N’empêche que cette double tâche demeure une gymnastique de haut niveau difficile à concevoir pour le commun des mortels. « Le cerveau apprend à être un peu partout à la fois », croit le chef, qui explique que le secret réside dans une préparation rigoureuse, question de « se sentir libre rendu là ».

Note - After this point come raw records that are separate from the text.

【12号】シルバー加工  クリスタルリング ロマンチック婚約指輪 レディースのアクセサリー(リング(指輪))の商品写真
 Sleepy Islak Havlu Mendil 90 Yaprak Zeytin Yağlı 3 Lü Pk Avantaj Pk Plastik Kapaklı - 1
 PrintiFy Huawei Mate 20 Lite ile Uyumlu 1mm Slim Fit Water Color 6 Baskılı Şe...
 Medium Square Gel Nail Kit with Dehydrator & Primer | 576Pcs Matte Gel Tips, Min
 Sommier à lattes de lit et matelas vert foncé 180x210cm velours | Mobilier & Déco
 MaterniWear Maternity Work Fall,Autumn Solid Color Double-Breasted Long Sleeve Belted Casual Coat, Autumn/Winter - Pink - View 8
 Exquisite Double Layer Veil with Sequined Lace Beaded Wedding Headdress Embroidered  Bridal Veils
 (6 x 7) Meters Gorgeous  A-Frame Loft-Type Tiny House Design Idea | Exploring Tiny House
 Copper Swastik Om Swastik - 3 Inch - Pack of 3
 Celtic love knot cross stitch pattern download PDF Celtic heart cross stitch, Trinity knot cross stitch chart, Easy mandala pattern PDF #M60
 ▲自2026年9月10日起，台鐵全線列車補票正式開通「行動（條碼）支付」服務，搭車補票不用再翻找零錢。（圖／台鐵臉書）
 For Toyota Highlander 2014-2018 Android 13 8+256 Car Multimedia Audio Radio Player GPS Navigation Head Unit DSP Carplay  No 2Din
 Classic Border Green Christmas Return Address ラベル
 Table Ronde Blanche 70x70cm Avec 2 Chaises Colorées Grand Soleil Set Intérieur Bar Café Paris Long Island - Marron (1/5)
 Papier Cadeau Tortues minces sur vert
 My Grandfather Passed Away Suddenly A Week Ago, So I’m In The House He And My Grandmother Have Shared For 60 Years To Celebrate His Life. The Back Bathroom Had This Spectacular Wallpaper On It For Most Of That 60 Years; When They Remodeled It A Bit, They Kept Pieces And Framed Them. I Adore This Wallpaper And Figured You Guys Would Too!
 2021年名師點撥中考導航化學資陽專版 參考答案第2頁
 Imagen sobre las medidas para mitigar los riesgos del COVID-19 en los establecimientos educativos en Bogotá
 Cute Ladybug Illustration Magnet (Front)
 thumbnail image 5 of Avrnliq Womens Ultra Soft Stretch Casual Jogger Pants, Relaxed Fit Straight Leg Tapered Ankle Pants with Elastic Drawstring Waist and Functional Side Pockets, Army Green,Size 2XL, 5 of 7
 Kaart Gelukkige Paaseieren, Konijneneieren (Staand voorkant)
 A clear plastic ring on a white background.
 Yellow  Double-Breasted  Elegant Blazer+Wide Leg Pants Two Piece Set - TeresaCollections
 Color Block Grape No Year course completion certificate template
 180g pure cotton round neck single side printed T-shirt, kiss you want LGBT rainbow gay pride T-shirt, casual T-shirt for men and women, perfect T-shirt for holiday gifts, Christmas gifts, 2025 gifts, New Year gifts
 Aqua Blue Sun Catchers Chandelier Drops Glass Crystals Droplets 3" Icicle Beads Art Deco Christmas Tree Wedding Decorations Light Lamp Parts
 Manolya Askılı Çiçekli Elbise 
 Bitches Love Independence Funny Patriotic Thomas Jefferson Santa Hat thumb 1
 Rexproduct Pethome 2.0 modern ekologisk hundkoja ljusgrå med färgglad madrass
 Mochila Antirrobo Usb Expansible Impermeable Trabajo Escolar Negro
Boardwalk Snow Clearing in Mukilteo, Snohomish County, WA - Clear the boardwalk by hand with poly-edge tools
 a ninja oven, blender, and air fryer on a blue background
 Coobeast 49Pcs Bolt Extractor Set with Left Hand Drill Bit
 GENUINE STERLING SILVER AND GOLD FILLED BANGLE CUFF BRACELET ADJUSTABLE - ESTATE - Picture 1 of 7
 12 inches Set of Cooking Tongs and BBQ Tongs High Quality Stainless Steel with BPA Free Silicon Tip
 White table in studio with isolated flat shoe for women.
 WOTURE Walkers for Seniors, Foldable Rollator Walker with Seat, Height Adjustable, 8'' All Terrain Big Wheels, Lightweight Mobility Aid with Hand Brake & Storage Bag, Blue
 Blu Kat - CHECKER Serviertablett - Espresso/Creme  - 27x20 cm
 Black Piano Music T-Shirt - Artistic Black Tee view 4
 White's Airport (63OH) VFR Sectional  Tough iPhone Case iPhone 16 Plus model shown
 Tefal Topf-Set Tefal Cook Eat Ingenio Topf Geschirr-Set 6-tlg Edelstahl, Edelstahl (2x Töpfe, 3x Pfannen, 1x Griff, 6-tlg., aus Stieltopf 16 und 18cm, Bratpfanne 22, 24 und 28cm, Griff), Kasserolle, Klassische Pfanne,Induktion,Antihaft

On ne peut pas brûler les étapes. J’ai étudié toutes les parties de l’orchestre comme si j’allais seulement diriger, et j’ai pratiqué l’instrument comme si j’allais être seulement soliste.

Yannick Nézet-Séguin

Bien sûr, avoir les deux mains sur son piano diminue la mobilité du chef. Tout se jouera alors dans les regards, les signes de tête, l’écoute mutuelle, la confiance. « Au fond, quand on schématise le rôle d’un chef, on peut même dire qu’un orchestre qui se connaît bien peut s’en passer. »

C’est le cas de l’OM, qui se retrouve soudé plus que jamais après un an de pandémie, constate-t-il. « J’ai moins voyagé et ça nous a donné le bénéfice de faire le travail de fond ensemble. J’ai l’impression que nous nous sommes rapprochés encore plus dans ces épreuves qu’on a vécues. »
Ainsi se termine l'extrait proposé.